Klemm Cinzia, Ólafsson Guðjón, Wood Henry Richard, Mellor Caitlin, Zabet Nicolae Radu, Thorpe Peter Harold
School of Biological and Behavioural Sciences, Queen Mary University of London, London, UK.
Department of Bioengineering, Imperial College London, London, UK.
Nucleus. 2024 Dec;15(1):2420129. doi: 10.1080/19491034.2024.2420129. Epub 2024 Dec 1.

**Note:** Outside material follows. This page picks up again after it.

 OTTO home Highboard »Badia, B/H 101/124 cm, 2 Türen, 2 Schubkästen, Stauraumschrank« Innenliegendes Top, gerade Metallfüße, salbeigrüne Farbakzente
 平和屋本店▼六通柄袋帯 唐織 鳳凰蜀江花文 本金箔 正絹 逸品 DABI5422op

Dynamic protein phosphorylation and dephosphorylation play an essential role in cell cycle progression. Kinases and phosphatases are generally highly conserved across eukaryotes, underlining their importance for post-translational regulation of substrate proteins. In recent years, advances in phospho-proteomics have shed light on protein phosphorylation dynamics throughout the cell cycle, and ongoing progress in bioinformatics has significantly improved annotation of specific phosphorylation events to a given kinase. However, the functional impact of individual phosphorylation events on cell cycle progression is often unclear. To address this question, we used the Synthetic Physical Interactions (SPI) method, which enables the systematic recruitment of phospho-regulators to most yeast proteins. Using this method, we identified several putative novel targets involved in chromosome segregation and cytokinesis. The SPI method monitors cell growth and, therefore, serves as a tool to determine the impact of protein phosphorylation on cell cycle progression.
动态蛋白质磷酸化和去磷酸化在细胞周期进程中起着至关重要的作用。激酶和磷酸酶在真核生物中通常高度保守,这凸显了它们对底物蛋白翻译后调控的重要性。近年来,磷酸蛋白质组学的进展揭示了整个细胞周期中的蛋白质磷酸化动态,并且生物信息学的不断进步显著改善了对特定激酶磷酸化事件的注释。然而,单个磷酸化事件对细胞周期进程的功能影响往往并不清楚。为了解决这个问题,我们使用了合成物理相互作用(SPI)方法,该方法能够将磷酸调节因子系统地募集到大多数酵母蛋白上。通过使用这种方法,我们鉴定出了几个参与染色体分离和胞质分裂的假定新靶点。SPI方法监测细胞生长,因此可作为确定蛋白质磷酸化对细胞周期进程影响的工具。